At the highest tier of the contractor system, currency ceases to function as a meaningful metric. All necessary resources are provided. The operators at this level do not take contracts for payment. They exist within a structure that supplies what is needed when it is needed, and the work itself is not visible through any public system.
Luxury vs. Functional Pricing
There is no relationship between the cost of high-end functional gear and the cost of luxury goods. A pair of boots built for a Master Contractor operating in inland black zones may cost 300 Auren because it is engineered to keep that person alive in conditions that kill most people who enter them. An unarmored luxury vehicle built for a wealthy civilian on Coastal Thazvaar may cost the same amount because it is beautiful. The two prices exist in entirely separate economies. One is survival engineering priced by the rarity of its materials and the precision of its construction.
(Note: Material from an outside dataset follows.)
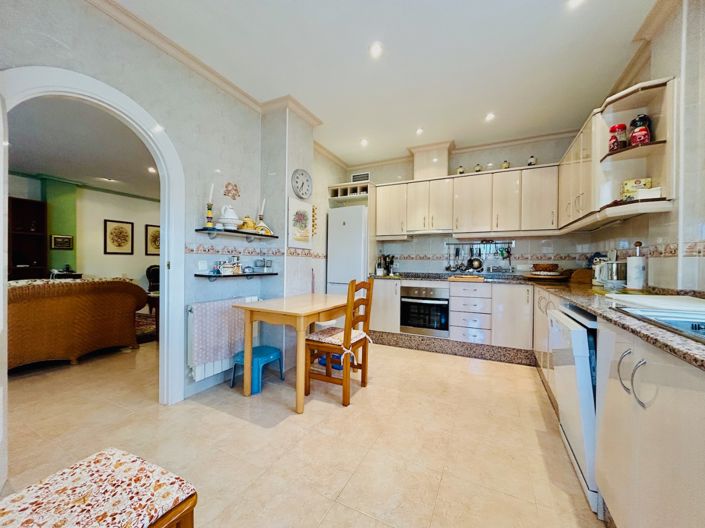 Image No.2-4 Bed Villa for sale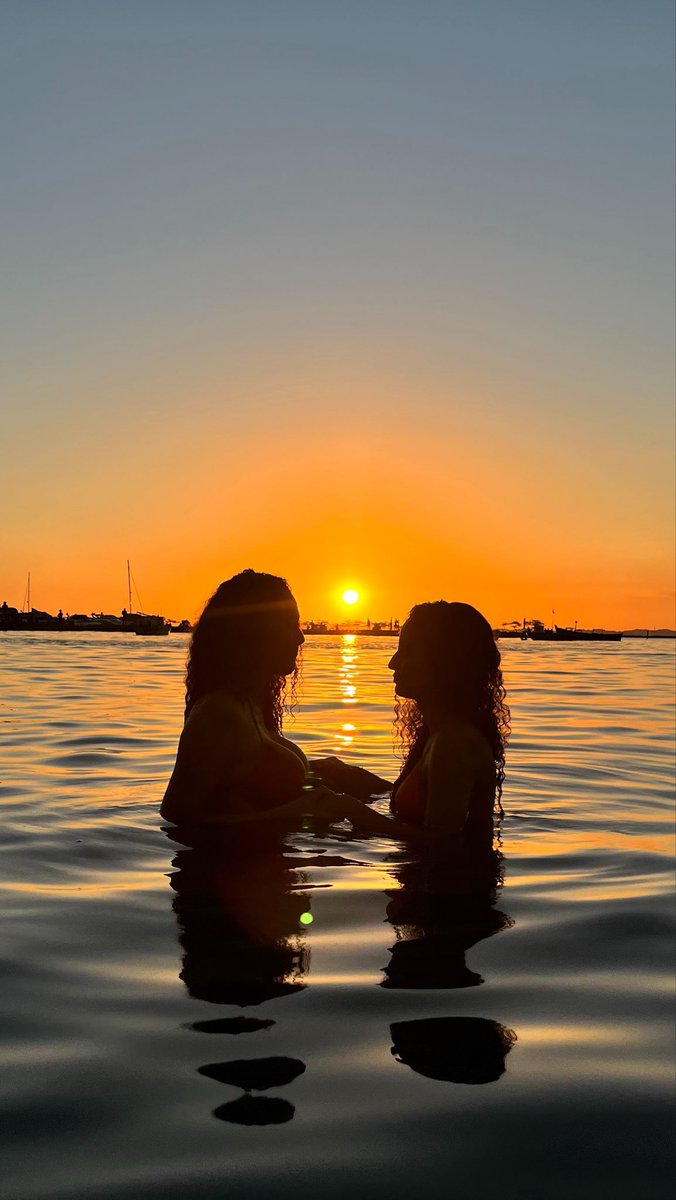 mariapepeb's tweet photo. Te amo as vezes, gabi 🧡
@ecvanee https://t.co/GhnzcFsz81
The other is status goods priced by demand and exclusivity. A designer garment worn once at a Scarlet Verse festival on Coastal Thazvaar can cost more than a full suit of combat armor rated for corridor work. Neither price says anything about the other.
Kharan's Gulf, once a pirate stronghold and the final battleground of the ancient Geban-Thazvaari War, is now the premier enclave of ultra-luxury on the planet. Homes at the lower end of the Gulf start around 20,000 Auren. Palaces and towers along the waterfront cost significantly more. Residents include the wealthiest elites on Geba, among them Yelidra Veykar. Many Tier 1 contractors live as wealthy elites on Coastal Thazvaar when they are not deployed. The proximity of extreme wealth and covert operational infrastructure is not coincidental.
Scale
The currency ladder reflects the economic reality of a planet where two billion people are directly employed by the relay network and almost every job connects to relay infrastructure in some form. Zehn and Tal handle the smallest movements. Varen and Kelvael anchor everyday life. Ashan provides survival with margin. Vaer and Daer are where contracts change a household's future. Auren is where real movement begins — clearings, airframes, and the kind of equipment that keeps people alive in corridors where the relay is the only thing between civilization and black zone. At the top, the same denomination buys a palace on Kharan's Gulf or a pair of boots that will keep a relay engineer alive long enough to anchor one more spine in a region no one else will enter. For outside readers, treating one Varen as one modern dollar keeps those scales intuitive.